最近では、不動産会社によってはプロのカメラマンを手配し、昼間の明るい時間帯に広角レンズで撮影してくれるところもあります。自分で撮る場合も、以下を意識しましょう。
- 窓を開けて明るく撮影
- 不要な物を片付けてスッキリした空間に
- 外観写真は晴れた日に撮る
また、写真に加えて360度パノラマ撮影やVR内見ツールを導入している会社を選ぶのも◎。
「売却理由」をポジティブに伝える
内覧時や問い合わせで必ず聞かれるのが「なぜ売るのか?」という質問。
たとえ理由がネガティブであっても、伝え方を工夫することで買い手に安心感を与え、印象を良くすることができます。
例
- 「転勤が決まったため」
→ 生活環境に問題がないことを示せる - 「子どもが独立して手狭になった」
→ 家族向けには適していると伝えられる
逆に、「近所トラブルがあった」や「地盤に不安がある」といった不安要素は、告知義務の範囲を超えてしまう場合もあるので注意が必要です。
売却戦略は「時期」と「方法」がカギ
不動産売却には「売れやすい時期」と「売り方の選択肢」が存在します。
★ 売れやすい時期は「春」と「秋」
特に3~4月(新生活シーズン)と9~10月(転勤シーズン)は引っ越し需要が高まる時期で、問い合わせが増える傾向にあります。余裕があるなら、この時期に合わせて販売を開始するのがおすすめです。
★ 売却方法を選べば、価格アップも狙える
売却方法は、「買取」と「仲介(媒介)」の2つに分かれます。
「買取」より「仲介(媒介)」の方が市場価格に近い値段で売れることが多く、高値を狙うなら仲介(媒介)を選ぶのが基本です。その仲介(媒介)には3つの契約方法があります。
≪媒介契約の3種類とその特徴≫
★ 専属専任媒介契約(もっとも縛りが強い)
- 【依頼できる会社】1社のみ
- 【自己発見取引(自分で買主を見つける)】できない
- 【業務報告】週1回以上
- 【レインズ登録義務】契約から5日以内
特徴
不動産会社1社にのみ販売活動を任せる、もっとも制限の強い契約。売主が自分で買い手を見つけても、不動産会社を通さないと売れません。

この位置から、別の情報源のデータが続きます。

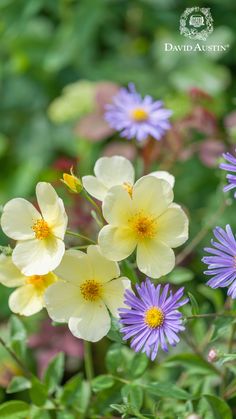 some pretty yellow and purple flowers in the grass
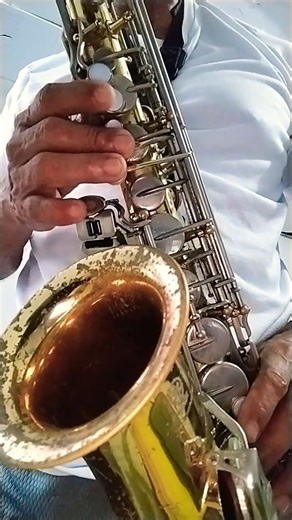 Saxofon Alto: Fur Elise (Ludwig van Beethoven)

その代わり、不動産会社はより積極的に販売活動を行いやすく、専任担当者が付きやすいのがメリットです。
向いている人
- とにかく信頼できる1社に全て任せたい
- 自分では買主を探す予定がない
- スピーディーに売却したい
★ 専任媒介契約(ほどよいバランス)
- 【依頼できる会社】1社のみ
- 【自己発見取引】可能
- 【業務報告】2週間に1回以上
- 【レインズ登録義務】契約から7日以内
特徴
「専属専任」とよく似ていますが、自分で買い手を見つけた場合は、不動産会社を介さずに直接契約が可能です。営業報告もやや緩やかで、売主の自由度が少し高いのが特徴。
向いている人
- 信頼できる会社があるが、自分でも買主を探す可能性がある
- 柔軟に対応しながら販売したい
★ 一般媒介契約(最も自由度が高い)
- 【依頼できる会社】複数社に依頼できる
- 【自己発見取引】可能
- 【業務報告】義務なし
- 【レインズ登録義務】なし(明示型を除く)
特徴
複数の不動産会社に同時に販売依頼ができ、自分で買主を見つけてもOK。売主にとっては最も自由度が高い契約です。ただし、不動産会社側のモチベーションが下がりやすく、「力を入れて販売しても他社に取られるリスクがある」ため、積極的な営業が期待しにくい傾向があります。
向いている人
- まずは広く情報を出したい
- 時間に余裕があり、売れ残りも気にならない
- 自力での売却(親族・知人など)も視野に入れている
『不動産を高く売りたいならどれを選ぶべき?』
ここが一番気になるところですよね。
結論から言うと、信頼できる不動産会社があるなら、専任媒介契約をおすすめします。
★ 販売活動に“本気度”が出る
専任契約なら、他社に取られる心配がないため、不動産会社は広告・ポータルサイト掲載・顧客紹介などに力を入れやすくなります。
★ 自己発見取引の自由がある
知人や近所の方から直接声がかかった場合、仲介手数料を節約して売却できる可能性も残されています。
★ 報告義務がある
「今どれくらい問い合わせが来ているか」「広告はどこに出しているか」などを定期的に報告してもらえるため、売主としても安心できます。
専属専任・専任・一般…結局どれがいいの?
媒介契約種類 | 売却成功率 | 価格交渉の柔軟さ | 自由度 | 営業活動への期待 |
---|---|---|---|---|
専属専任 | 高め | △ | 低い | 高い |
専任 | 高め | ○ | 普通 | 高い |
一般 | 低め | ◎ | 高い | 低い |
★ 売却価格を最重視したいなら → 専任媒介契約
「価格を高く売りたい」「でも少し自由度も欲しい」なら、専任媒介がベストバランス。
★ とにかく早く売りたい・自分で交渉もしたい → 一般媒介契約
ただし、不動産会社の熱量は下がりやすいので、自己管理が重要になります。
★ 1社にすべて任せて安心したい → 専属専任媒介契約
営業活動を最も強く後押しできる契約。自分で買主を見つけない前提ならこちらも有力です。
※ 契約の仕組みを理解して「売却成功」へ近づこう
媒介契約は、売却の“スタート地点”です。
「どうせ同じ不動産会社に頼むんだから…」と適当に選んでしまうと、
- 思ったより売れない
- なかなか報告が来ない
- 自分で見つけた買主に売れない
といったトラブルにつながることも。
価格だけにとらわれず、「あなたの希望に合った契約形態」を選ぶことが、不動産を高く・納得して売るための第一歩です。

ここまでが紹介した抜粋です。